The ice between participants broke easily with a treasure hunt, dinners at fancy restaurants and, of course, a lot of beers. And then we started reporting on privatization, strikes, political turbulence, tax fraud and corruption besetting Manchukistan. We interviewed officials and went to press conferences.  We also had teamwork exercises, like writing breaking news stories.

We met again for our second fortnight some four months later in late-summer Berlin.

After the difficult company reports, maybe the most exciting part of the programme followed: country reports. Each of us presented his or her country, the good with the bad: Fatjona - Albania, Zdravka -Bulgaria, Anelis and Madalina - Romania, Edis – Bosnia-Herzegovina, Aleksandra and Milica S - Serbia, Jan and Matej  - Slovenia, Alekos - Greece, Nino and Nikola - Macedonia, Lana and Mirna - Croatia, Milica B - Montenegro, Bahattin - Turkey.

In the evenings we escaped Manchukistan to London or Berlin and met fellow journalists from the Bosch alumni community.  We realised that the end of this course meant just the beginning of beautiful friendships.

By the time we were saying goodbye at the final dinner, we realised how lucky we were to be the 11th and, sadly, the last generation on this course, and we promised to share what we had learned with our colleagues at home.

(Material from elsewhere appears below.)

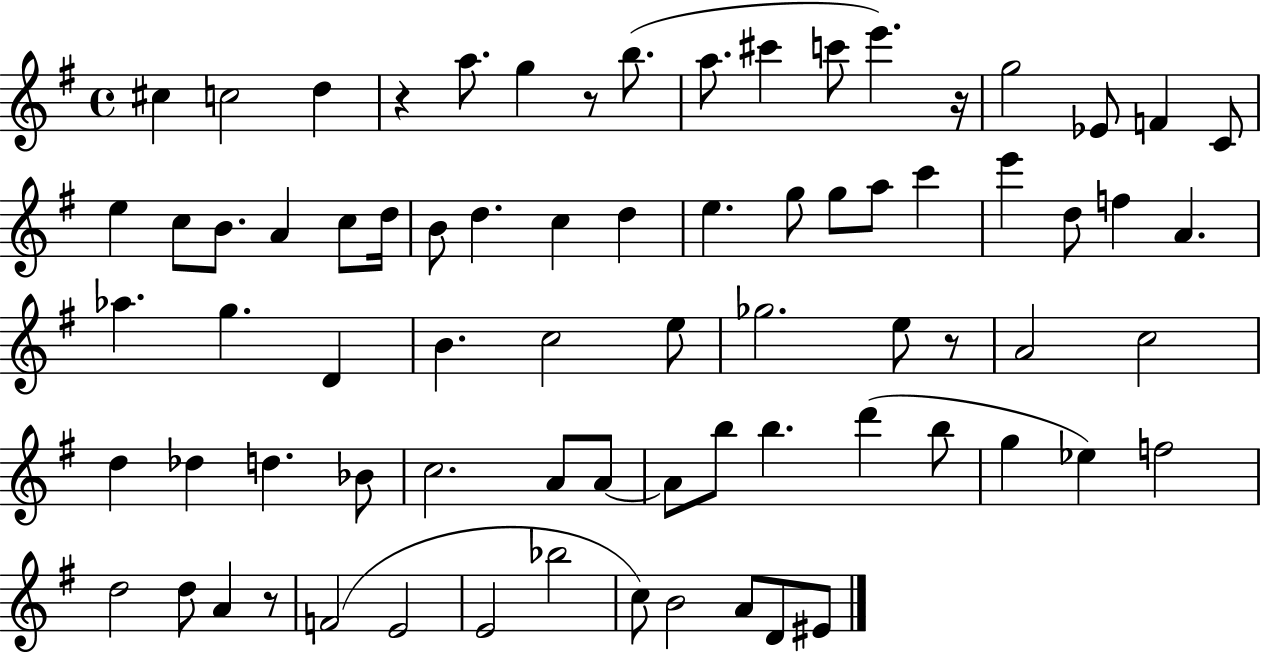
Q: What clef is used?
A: treble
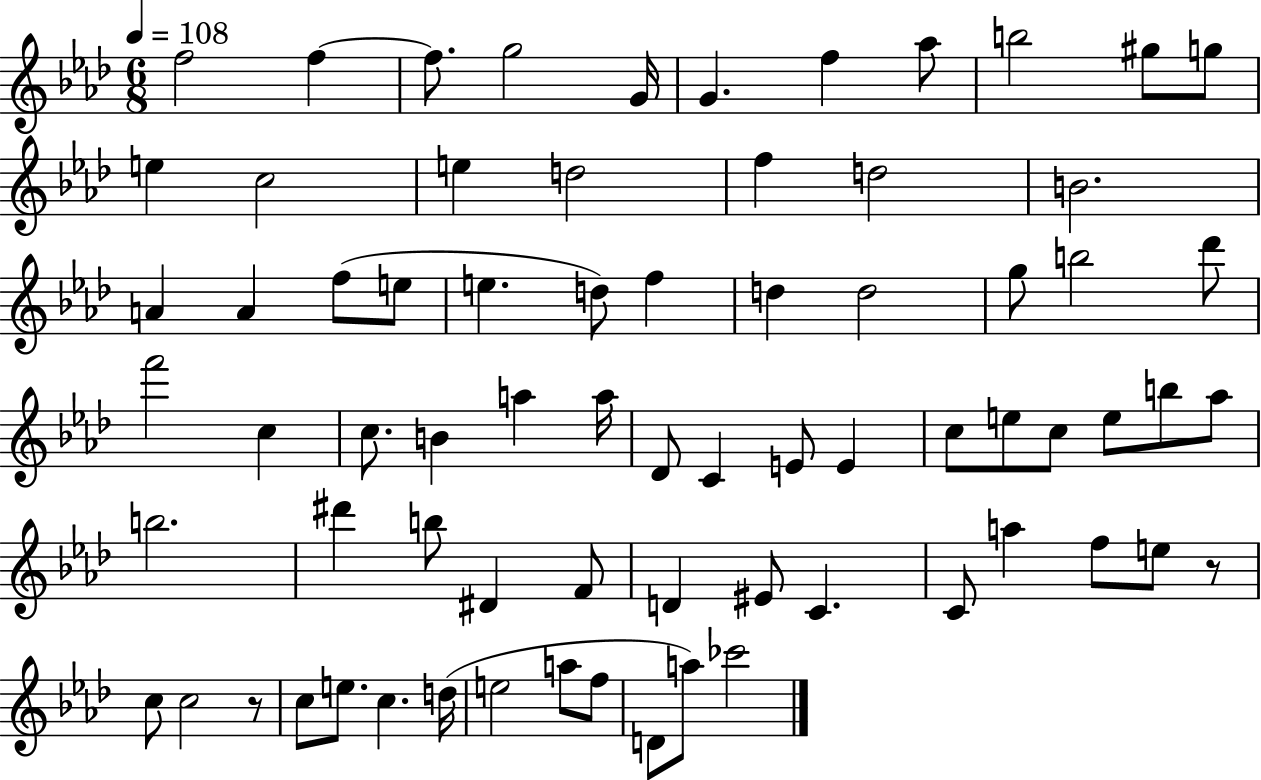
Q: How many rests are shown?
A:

So, thank you Robert Bosch Stiftung (Sarah and Dora) and Thomson Reuters Foundation (Belen and Nicolas) for “Economic and Political Reporting from Southeast Europe”, one of the most successful and longest-running of the two foundations’ programmes for journalists. Now, there are no borders between the journalists from what was once the powder keg of Europe. The only division among us is between smokers and non-smokers!